Это не удалось, потому что один из них умер от сердечного припадка в Ирландском море, уже в виду пологих зеленых берегов.
Пришлось вернуться ни с чем, если не считать мертвеца.
И тогда я допустил оплошность. Я восстановил против себя доктора.
Понимаешь ли, на походе он очень раздражал меня: бестолково суетился подле умирающего, которого поддерживали его товарищи, давал ему нюхать нашатырь, неумело тыкал иглой в руку. Я терпеть не могу бестолковых. И за ужином я сказал, что «пассажир из Дублина» выжил бы, будь на борту врач, а не фельдшер (но ведь так оно и есть: Гейнц военный фельдшер, мы лишь из вежливости называем его доктором).
Гейнц позеленел от злости и все же засмеялся.
— У «пассажира из Дублина», — ответил он, — вместо сердца была старая, стоптанная галоша. С таким сердцем даже не стоило танцевать «гроссфатер», не то что пускаться в диверсии.

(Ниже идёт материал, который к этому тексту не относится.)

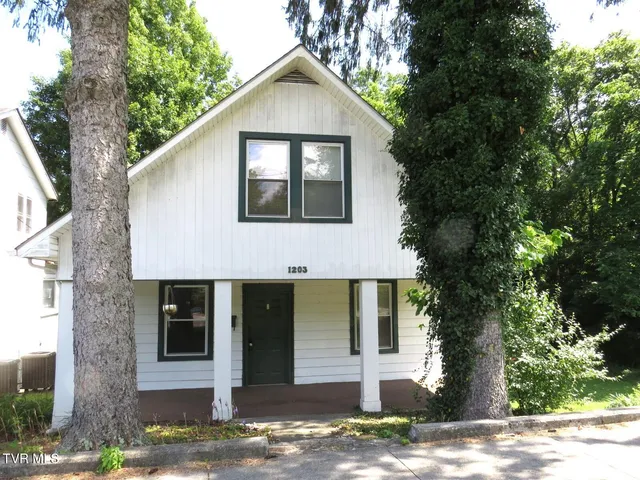 $134,900 | 1203 Virginia Avenue Northwest, Norton, VA 24273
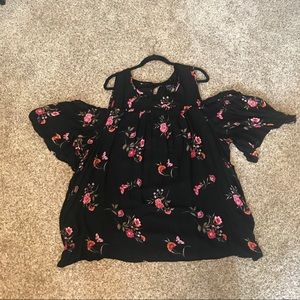🦄PRICE DROP🦄 Floral Cold Shoulder Top
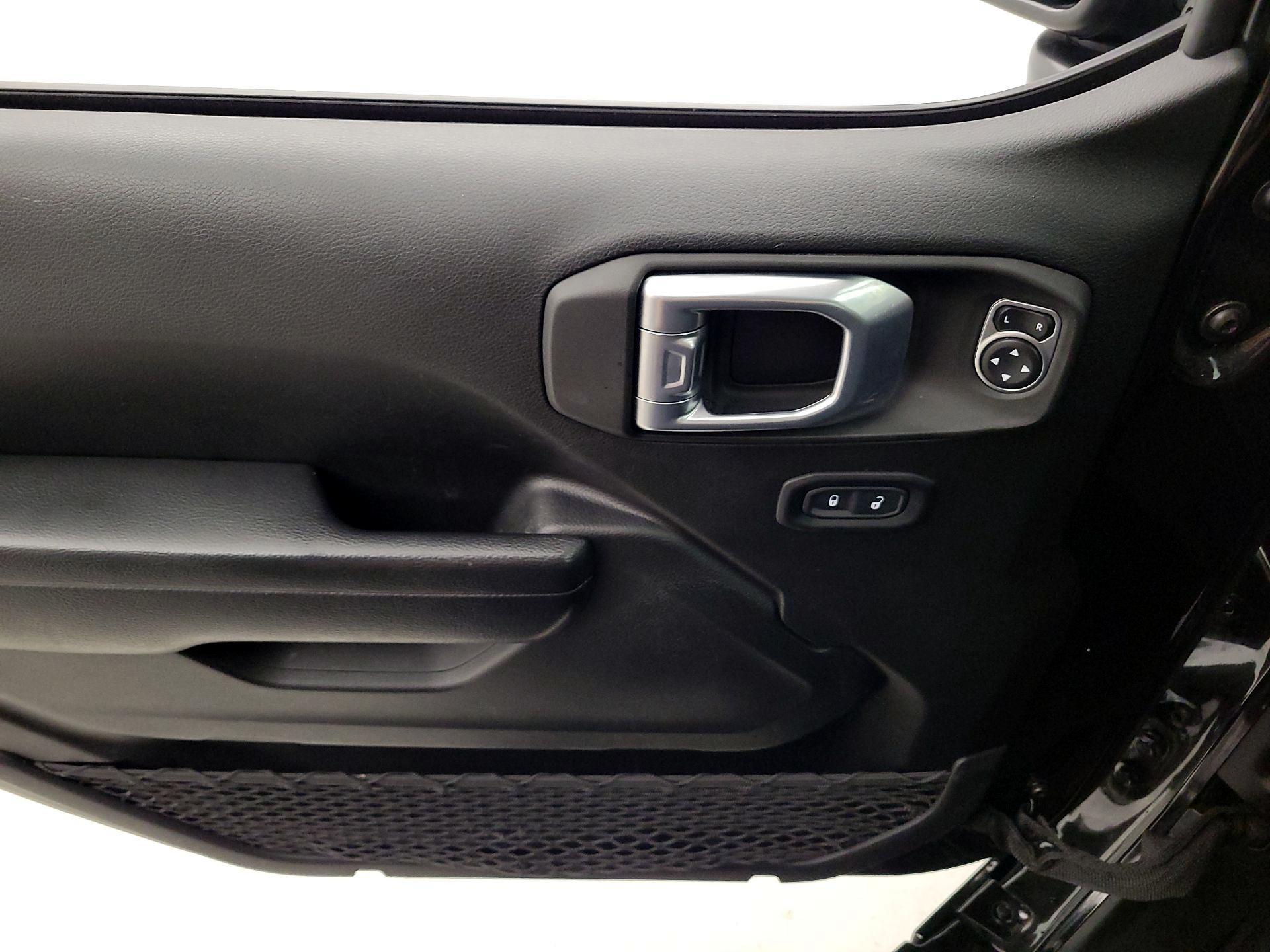 Thumbnail: 2022 Jeep Wrangler - 12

— Вдобавок в лодке было очень душно, — вставил Курт, любимчик командира.
— Курт прав, — подхватил доктор. — Если бы можно было всплыть и впустить через люк свежего воздуха… Но вы же знаете, что мы не могли всплыть. Над нами было полно английских кораблей. Впрочем, — любезно добавил он, повернувшись ко мне, — когда вы почувствуете себя плохо, я обещаю утроить свои усилия.
И видела бы ты, как он оскалился!
Рудольф говорит, что наш доктор снимает улыбку только на ночь, но утром, вычистив зубы, снова надевает ее.

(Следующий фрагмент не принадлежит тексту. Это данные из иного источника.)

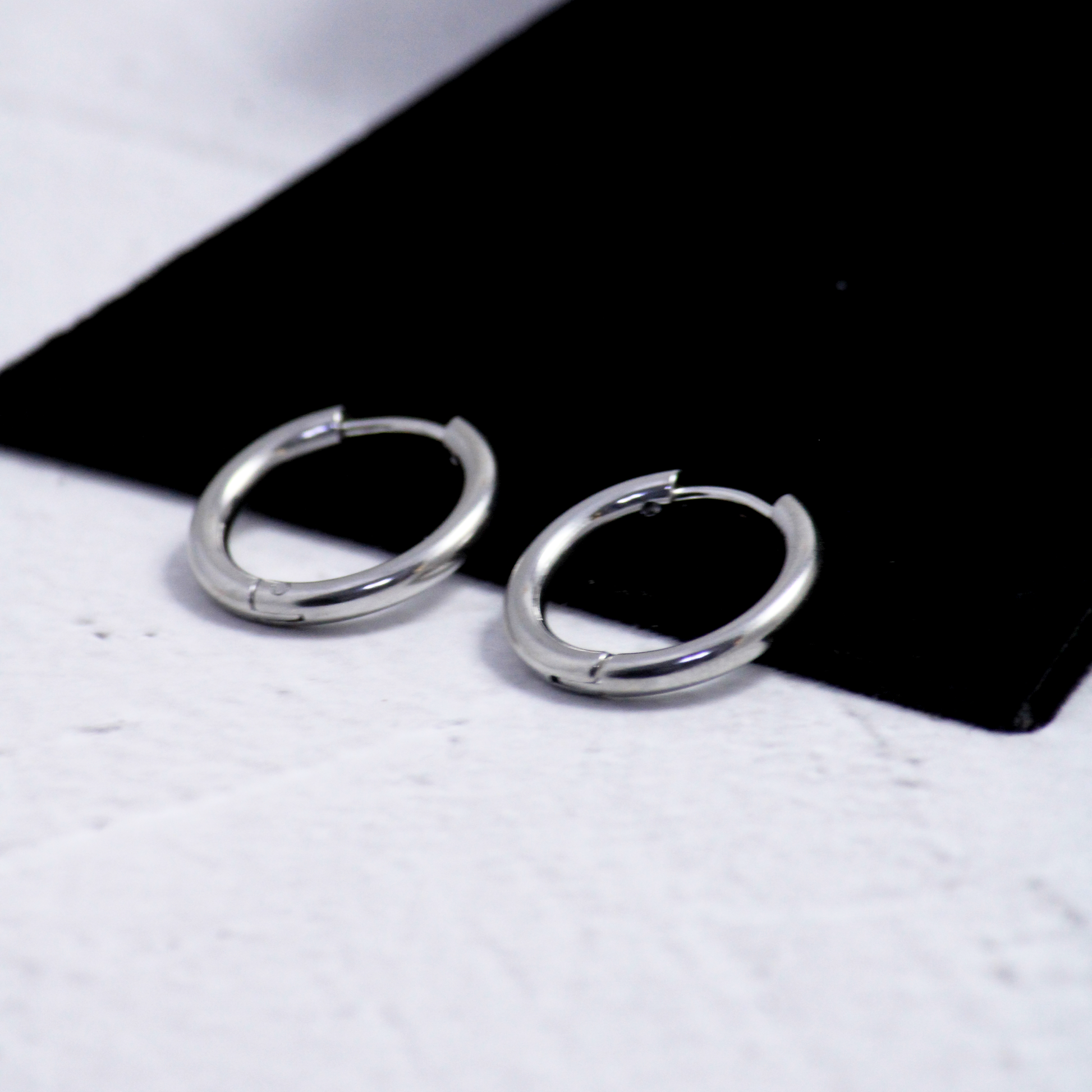 Silver Minimalist Ear Peice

Он злой, хитрый и неумный! Самое опасное сочетание. Помнишь восточную пословицу: «Тяжел камень, тяжел и песок, но всего тяжелее — злоба глупца»?
Но довольно о Гейнце.
Зато наш командир умен и широко образован. Рядом с мореходными справочниками на его книжной полке стоят Шпенглер, Ницше, Гете, Моммзен. В Винету-два по его заказу регулярно доставляют экономические журналы — вместе с горючим и продовольствием.
Впервые явившись к нему и ожидая, пока он просмотрит документы, я загляделся на книжную полку. Он перехватил мой взгляд:
— Вы, кажется, закончили университет до того, как поступить в военно-морское училище? Где именно? А! Об этом сказано в ваших документах. Кенигсберг.

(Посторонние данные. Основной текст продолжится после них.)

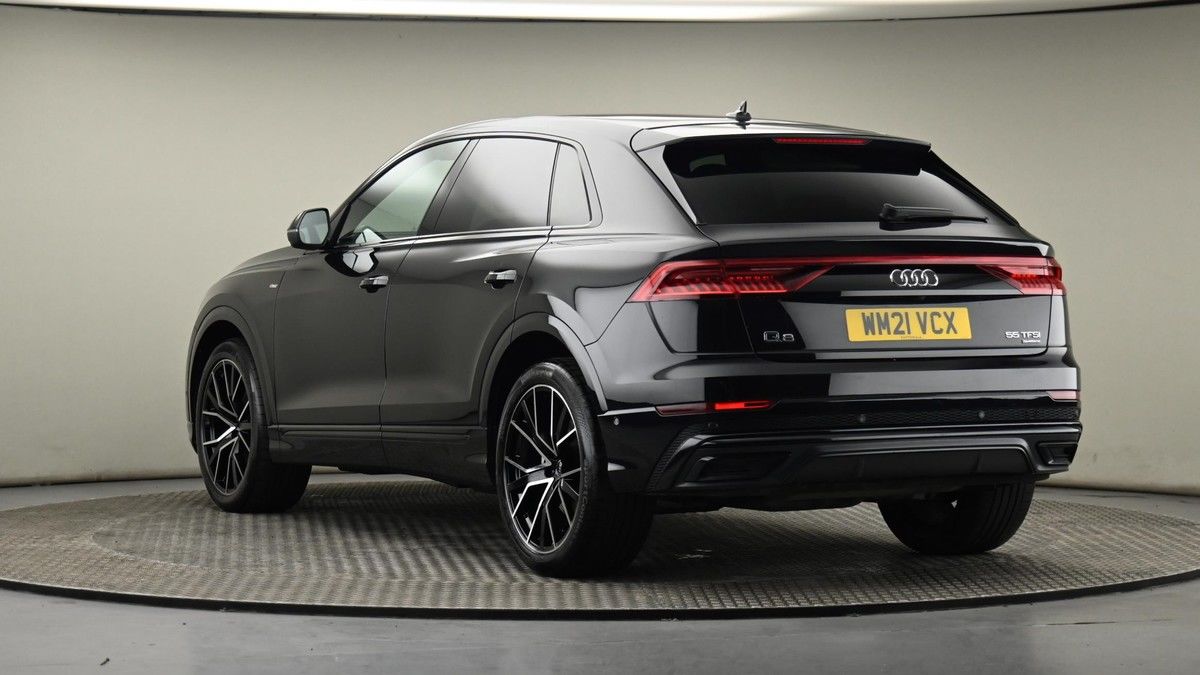 Audi Q8 Image 24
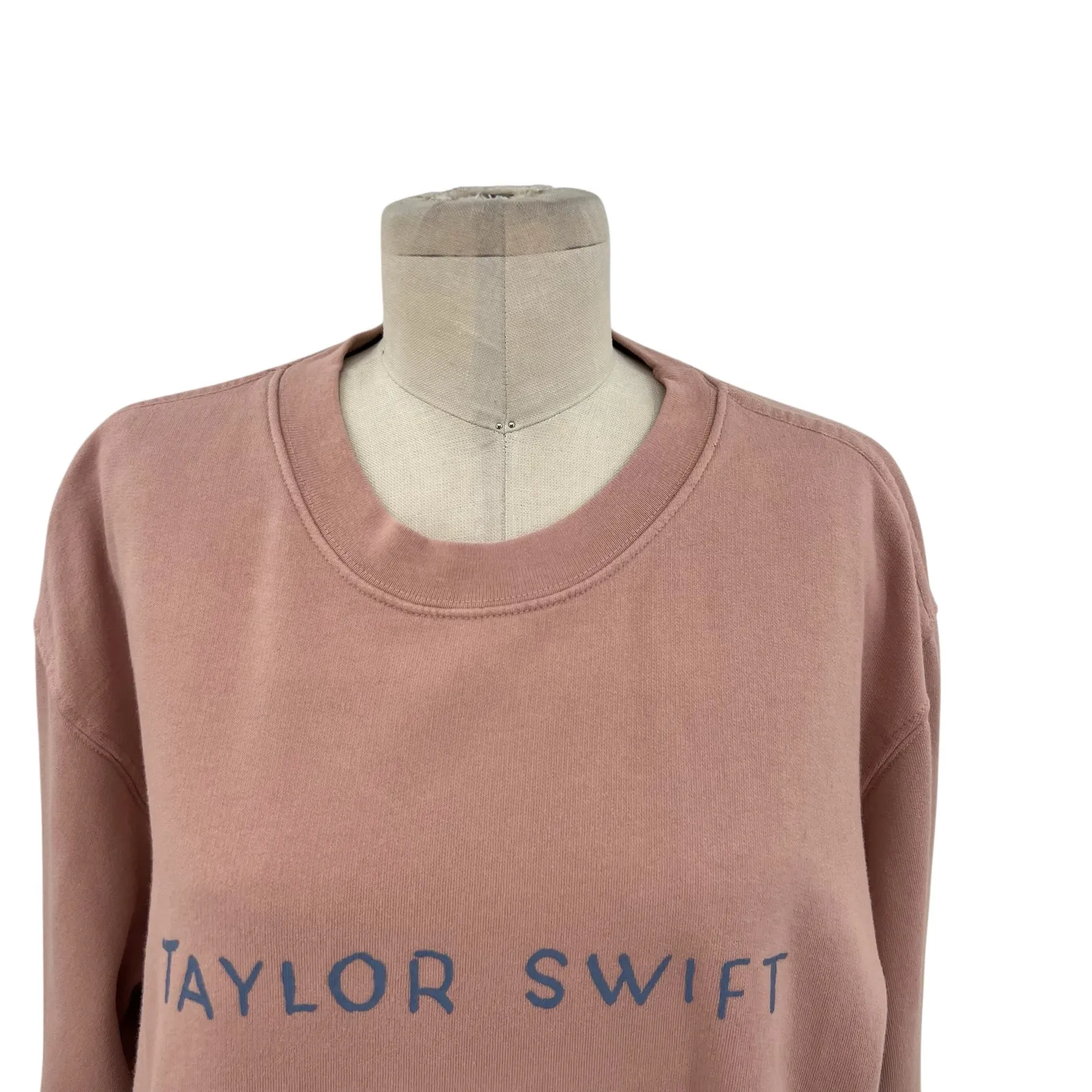 Taylor Swift Sweatshirt 1989 Taylor's Version Crewneck Pink Size Large - Image 3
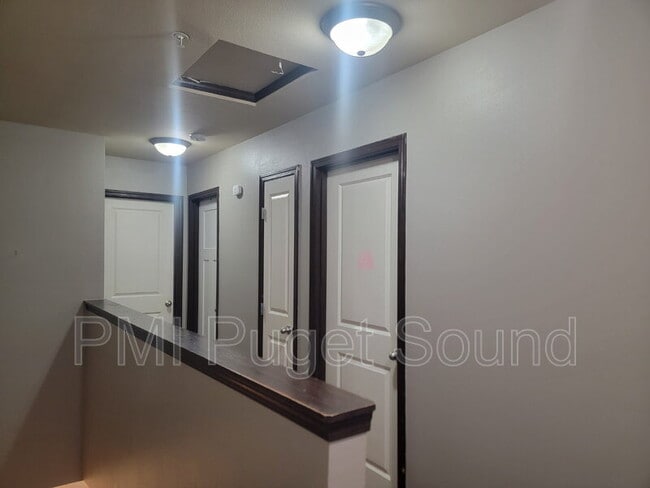 Building Photo - 17614 79th Ave Ct E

— Готовился стать доктором философии, господин капитан второго ранга, — доложил я.
Но разговор на этом прервался.
Наш командир на редкость немногословен.
За все годы, что я служу с ним, он — при мне — лишь дважды вступил в общий разговор в кают-компании. И то неожиданно! Его как бы прорвало. Видно, тема задела за живое. Человеку все-таки очень трудно оставаться наедине со своими мыслями, тем более если они невеселые…
Говорят, он самый молчаливый офицер германского подводного флота. Очень может быть. Особые условия нашей деятельности, конечно, наложили на него свой отпечаток. Человек замкнут, потому что держит нечто под замком.
Впрочем, у вас, женщин, это, видимо, иначе. Вы делаетесь еще болтливее, когда утаиваете секрет. Старательно прячете его за своей беспечно-милой, кружащей голову болтовней…
Но я хотел не об этом. Я хотел описать тебе нашего командира.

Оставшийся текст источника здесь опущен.